Dataset records -
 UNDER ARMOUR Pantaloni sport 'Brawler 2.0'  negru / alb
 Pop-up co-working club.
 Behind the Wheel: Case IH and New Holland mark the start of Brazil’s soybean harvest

---

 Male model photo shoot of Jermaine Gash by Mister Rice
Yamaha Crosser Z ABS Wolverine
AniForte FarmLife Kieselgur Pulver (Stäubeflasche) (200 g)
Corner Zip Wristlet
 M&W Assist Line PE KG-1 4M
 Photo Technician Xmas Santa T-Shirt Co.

--

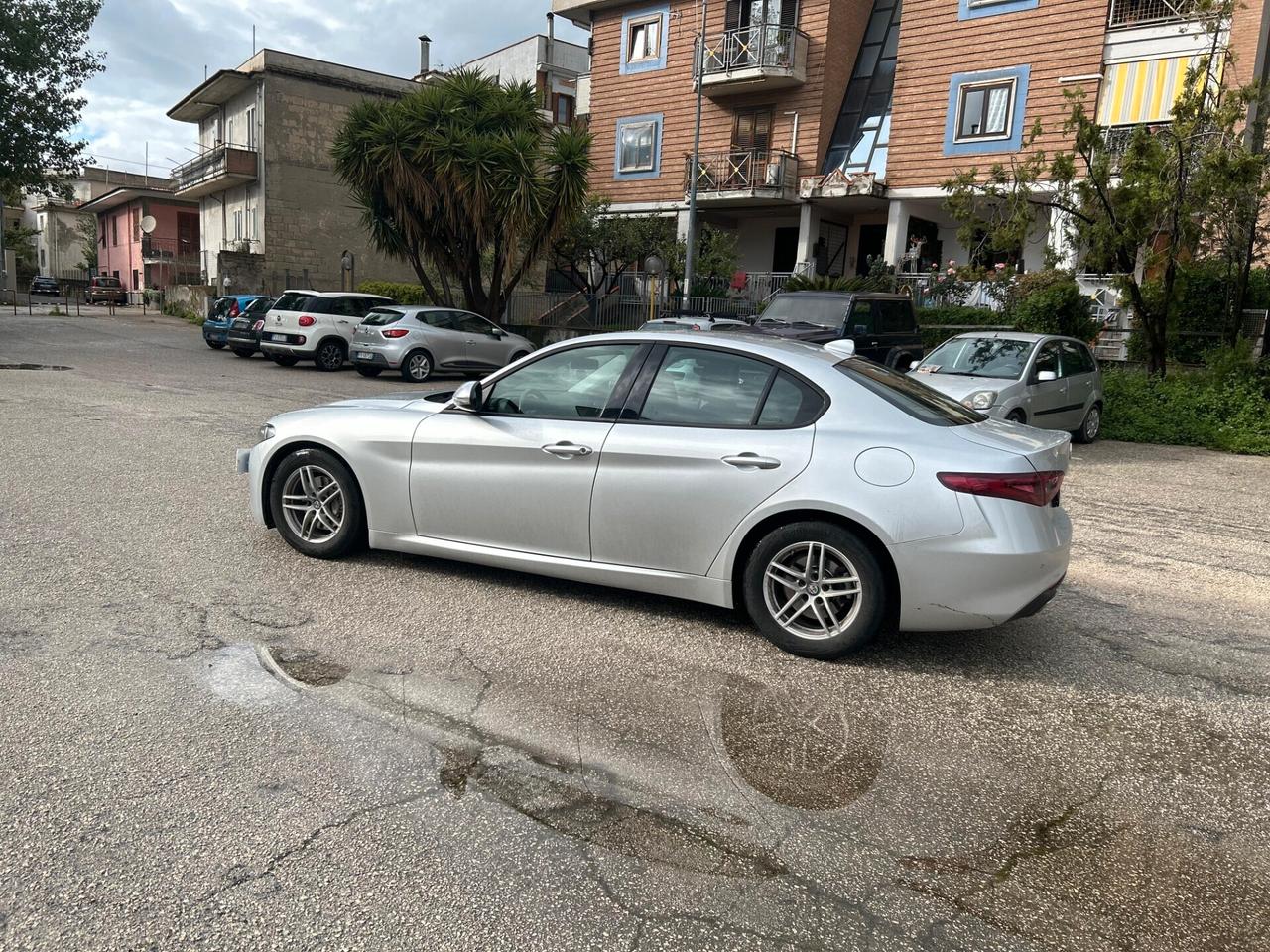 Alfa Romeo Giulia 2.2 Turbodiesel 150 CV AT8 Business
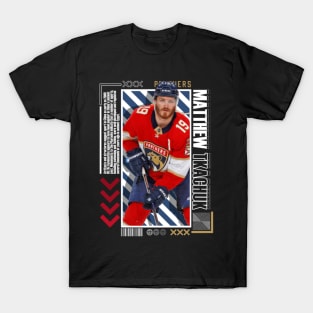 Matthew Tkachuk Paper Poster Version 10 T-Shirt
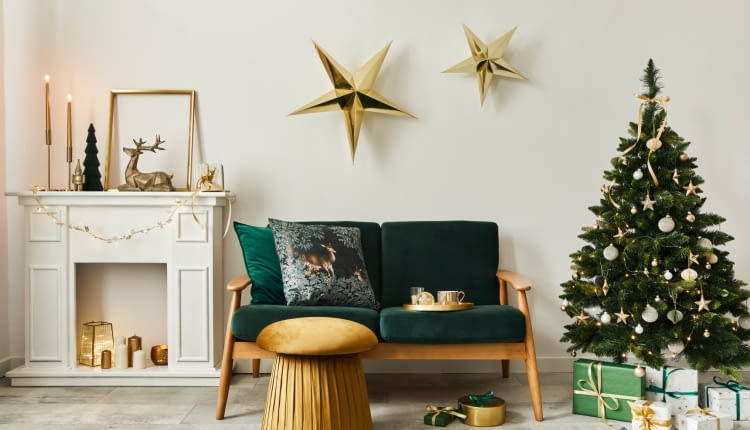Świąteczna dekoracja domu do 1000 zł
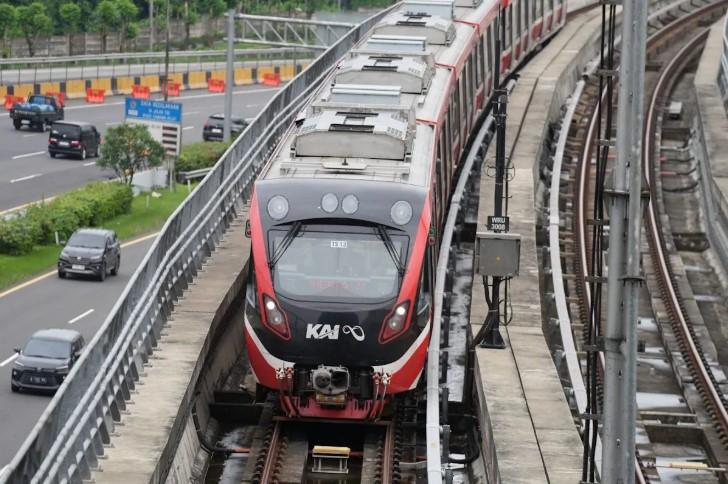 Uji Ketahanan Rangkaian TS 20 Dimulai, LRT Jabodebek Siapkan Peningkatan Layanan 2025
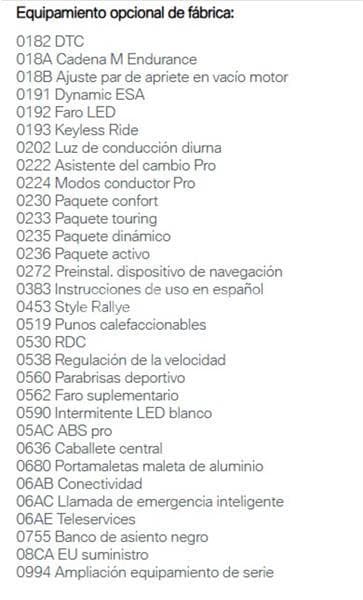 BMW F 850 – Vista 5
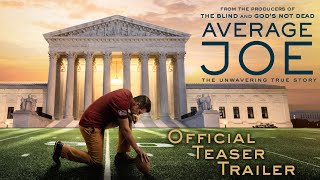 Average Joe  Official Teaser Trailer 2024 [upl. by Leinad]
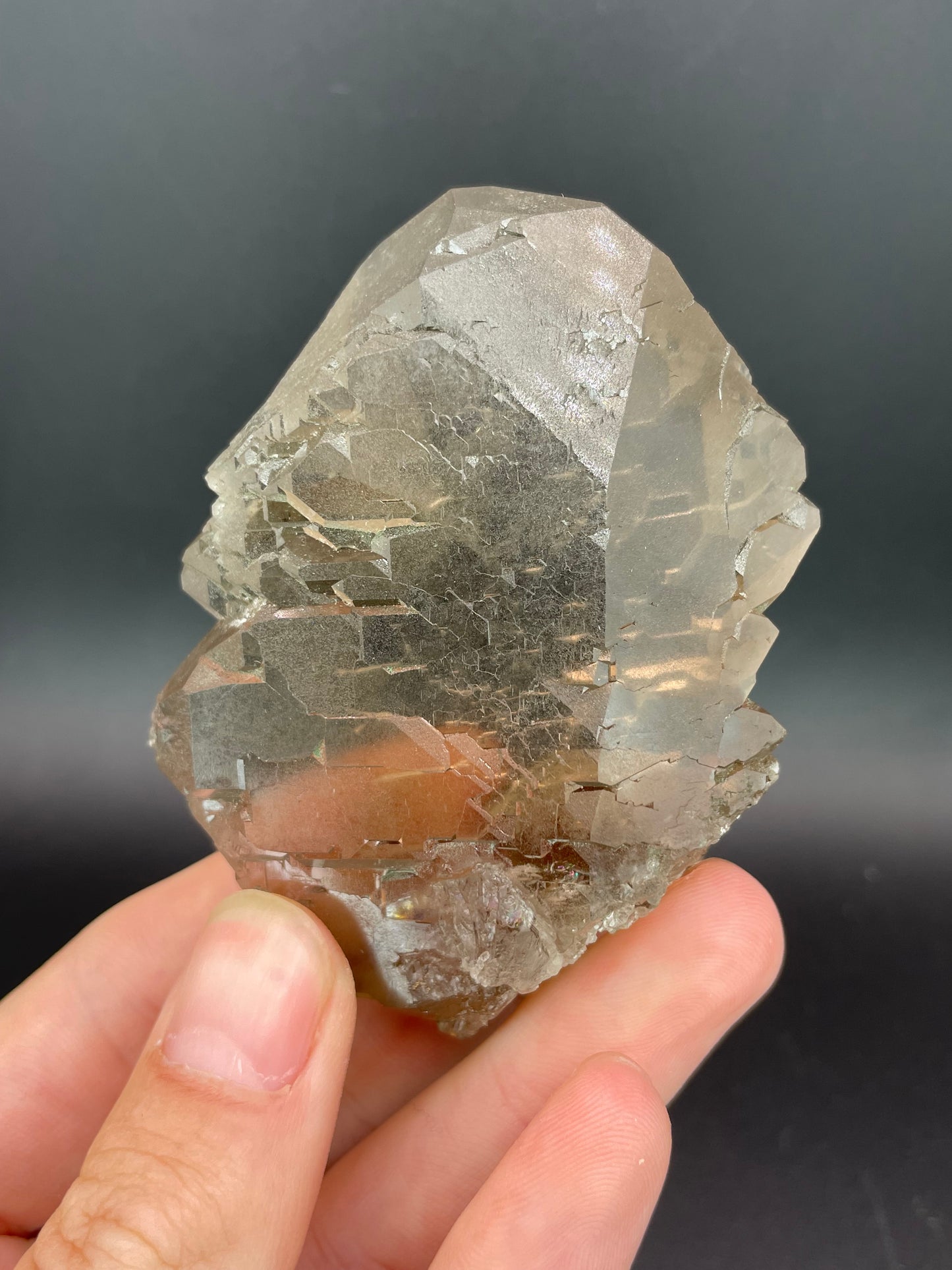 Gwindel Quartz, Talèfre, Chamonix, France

Exercise goal -
Copy the lines of the data above exactly as written, beginning with the line containing "UNDER ARMOUR Pantaloni" and ending with the line containing "Behind the Wheel: Case", and leave out all other lines.

Exercise solution -
 UNDER ARMOUR Pantaloni sport 'Brawler 2.0'  negru / alb
 Pop-up co-working club.
 Behind the Wheel: Case IH and New Holland mark the start of Brazil’s soybean harvest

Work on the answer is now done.